Permission grant delivery depends on an undocumented, fragile actor invariant; 300s timeout is hardcoded

[nficano]

Category: bug Severity: major
Location: Sources/ARCP/Runtime/JobManager.swift:426-458, Sources/ARCP/Runtime/ARCPRuntime.swift:262-288
Spec: ARCP v1.1 §15.4

What

The handler runs in a child Task (runJob), so requestPermission's await permissionRegistry.awaitResponse does not directly block the JobManager actor. But the response that unblocks it (permission.grant/permission.deny) arrives through the same dispatchLoop → handle → jobManager.handlePermissionGrant. The dispatch loop processes envelopes one at a time and awaits each handle call. The current code avoids deadlock only because runJob is a separate Task; if any handler does synchronous (non-Task) permission requests directly on the JobManager actor (e.g., a future refactor or the inline credential issuance path), the actor is occupied and the grant cannot be delivered. This invariant is undocumented and untested. The 300s hardcoded timeout (.seconds(300)) also ignores the caller-supplied leaseSeconds/any client deadline.

Evidence

let outcome = try await permissionRegistry.awaitResponse(id: id, deadline: timeout)

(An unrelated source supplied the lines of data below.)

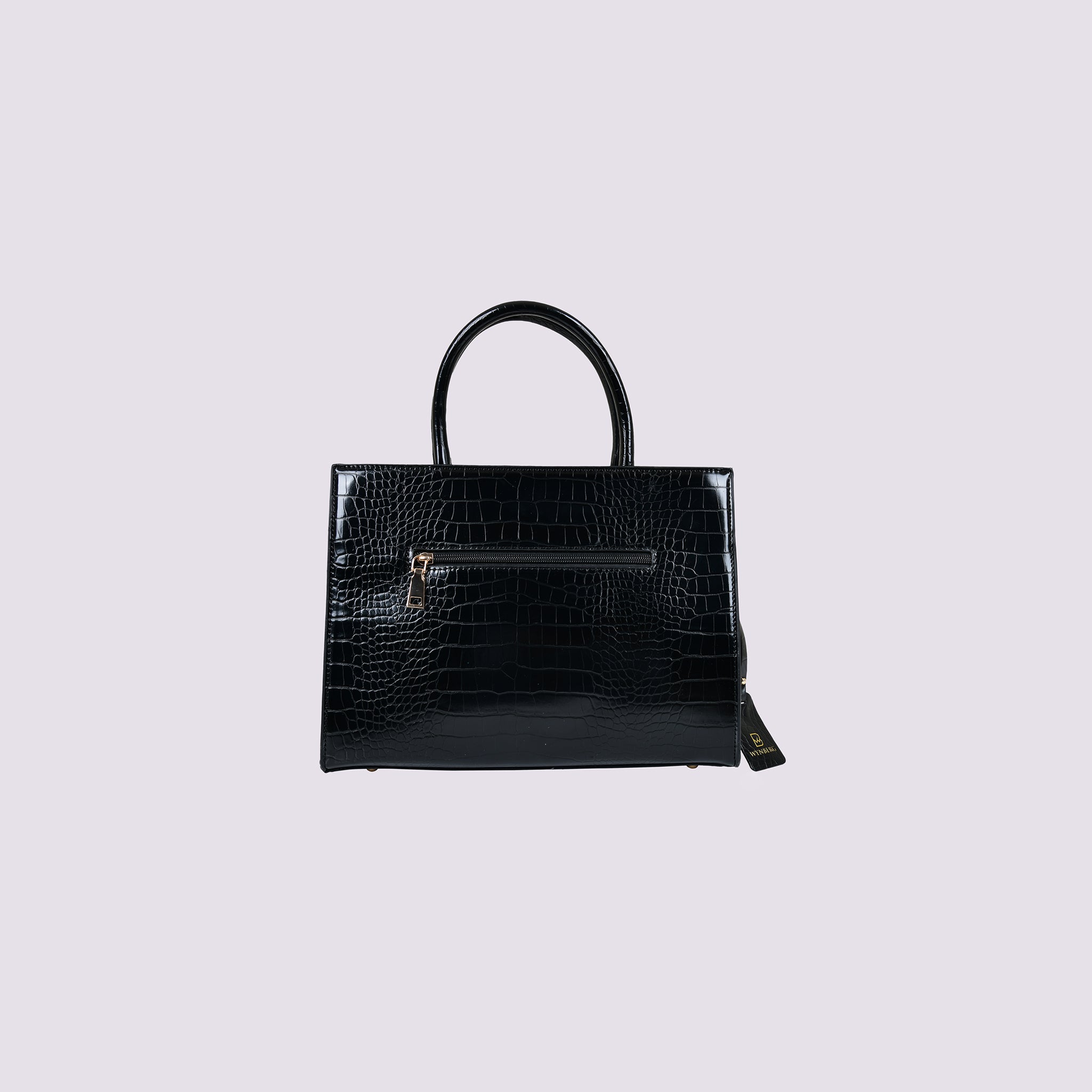 Dame Bag | Black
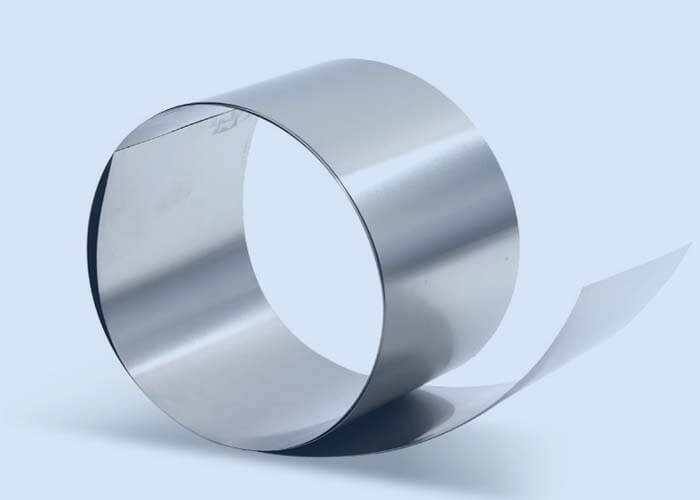 nickel alloy k500 strip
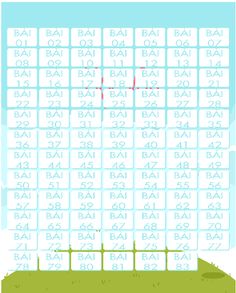 Tieng viet lop 1 tap1 - Screenshot 1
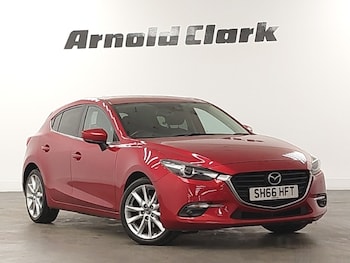 Used Mazda Mazda3 2016 for sale - 78848774: Photo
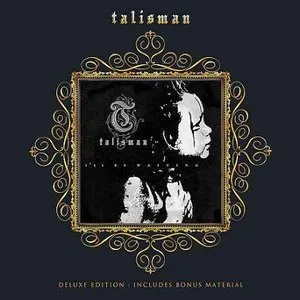 Pochette de I’ll Be Waiting de Talisman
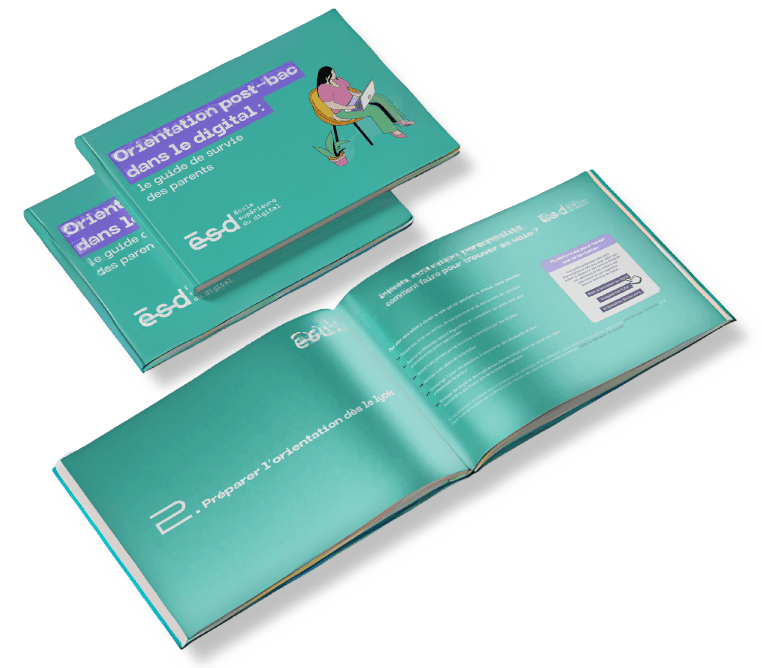 Guide Orientation Digitale pour Parents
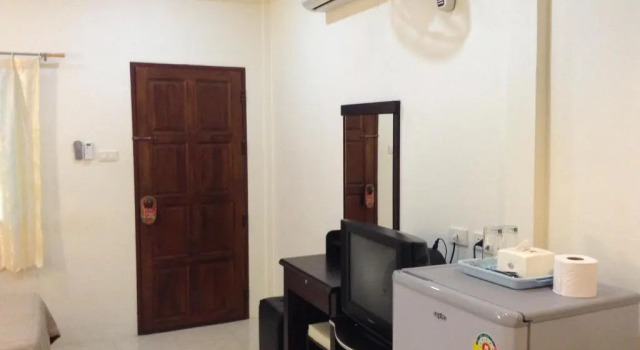 Wattana Bungalow, Забронировать Отель Недорогие отели острова Пхукета, недорого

called with timeout: .seconds(300) hardcoded in ConcreteJobContext.requestPermission. Resolution depends entirely on the serial dispatchLoop delivering permission.grant.

Proposed fix

1. Document (and add a regression test for) the invariant that handler execution must run off the JobManager actor's serial executor so permission responses can be delivered.
2. Make the permission timeout configurable rather than a hardcoded 300s.

Acceptance criteria

• A test demonstrates a handler can request a permission and receive a grant on the same session without deadlock.
• Permission timeout is configurable.